После обеда, сев с лампой у открытого окна, он стал читать жене вслух «Таймс», которую только что доставили с вечерней почтой, выбирая отрывки поинтереснее. Этот обычай был неизменен, исключая воскресные дни, когда мистер Биттаси, желая угодить жене, почитывал Теннисона15 или Фаррара16, порой засыпая над их строками. Она вязала, что-то уточняя по ходу чтения, похваливая за очаровательный голос, и наслаждалась небольшими обсуждениями по случаю, а он неизменно поощрял ее:
— Ах, София, я раньше никогда и не думал в таком ключе; но теперь, когда ты заговорила об этом, должен сказать, здесь что-то есть…
Дэвид Биттаси был мудр. Еще в Индии, где он целые месяцы проводил один в джунглях, оставляя жену ждать его в бунгало, проявилась иная, глубинная часть его натуры, странная страсть, которую миссис Биттаси не могла понять. И после одной-двух безуспешных попыток разделить ее с супругой (они уже давно были женаты), он научился таить ее в себе. Научился говорить о ней только походя — ведь жена чувствовала, что та никуда не исчезла, и молчание только бы усиливало боль. Время от времени он приоткрывал завесу только для того, чтобы позволить Софии указать на его заблуждения и ощутить себя победительницей. Однако спорная территория оставалась островком надежды на компромисс. Он терпеливо выслушивал критику, ее соображения и страхи, зная, что это ее утешит, но его изменить не сможет. Эта страсть засела в нем слишком глубоко и прочно. Но ради сохранения мира было очень желательно найти какую-то точку соприкосновения, и он ее нашел.

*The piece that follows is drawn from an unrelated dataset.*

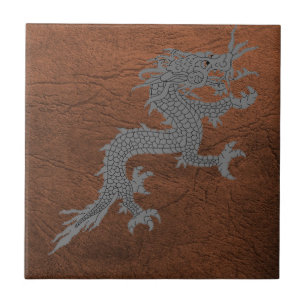 Bhutanese Dragon auf Leder Fliese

У жены был единственный на его взгляд недостаток — религиозная мания, этот пережиток ее воспитания, который не доставлял большого вреда. От избытка чувств эта мания иногда выплескивалась наружу. Вера не пришла к ней в результате зрелых размышлений, а была привита отцом с детства. На самом деле, подобно большинству женщин, она никогда по-настоящему не «думала», а только отражала образы мышления других людей, которые научилась понимать. Умудренный знанием человеческой натуры, старый Дэвид Биттаси вынужден был сохранять неприступной какую-то часть своей внутренней жизни от женщины, которую сильно любил. Он относился к ее библейским фразам как к маленьким странностям, которые все еще цеплялись к утонченной, щедрой душе — наподобие рогов или прочих, не утраченных до конца в процессе эволюции, но бесполезных деталей у животных.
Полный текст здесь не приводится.